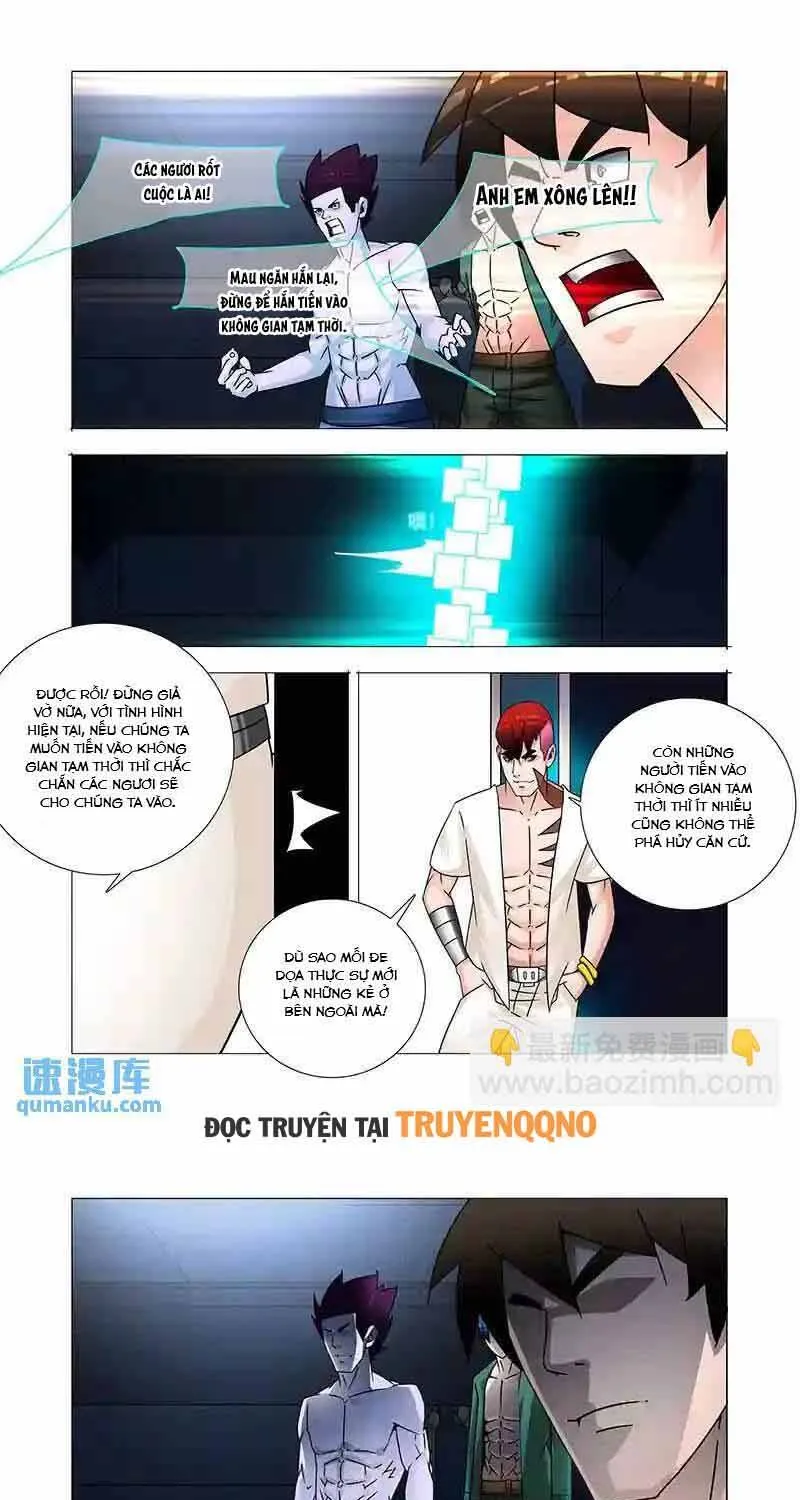 Chapter 289 - Trang 6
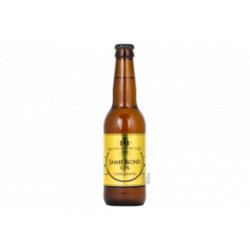 Bronckhorster James Blond 0.3% - Hoptimaal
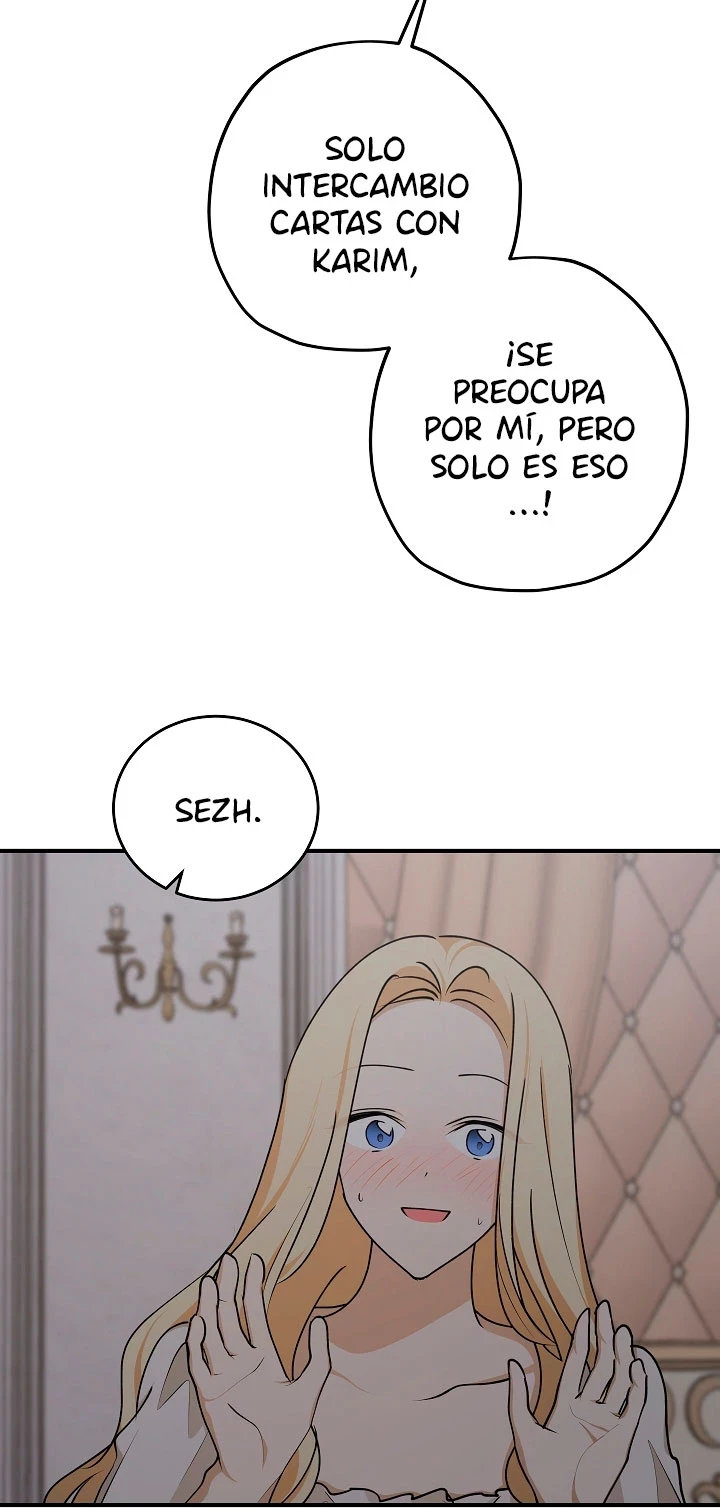 La Muñeca Amada Por El Tirano - Capítulo 60 - Página 7 - LectorTMOo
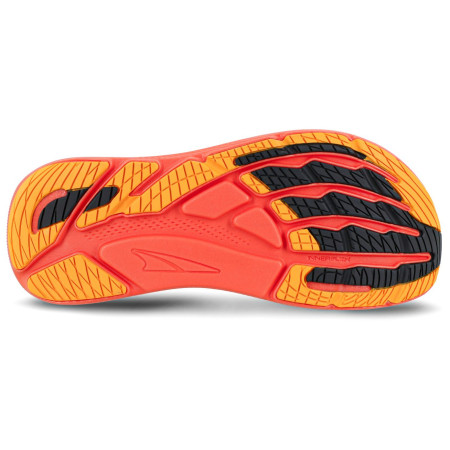 Chaussures de running hommes Altra M Fwd Via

....

Exact lines, nothing more: output the one with "La Muñeca Amada" and every later line through the end of the data, skipping pictures.

 La Muñeca Amada Por El Tirano - Capítulo 60 - Página 7 - LectorTMOo
 Chaussures de running hommes Altra M Fwd Via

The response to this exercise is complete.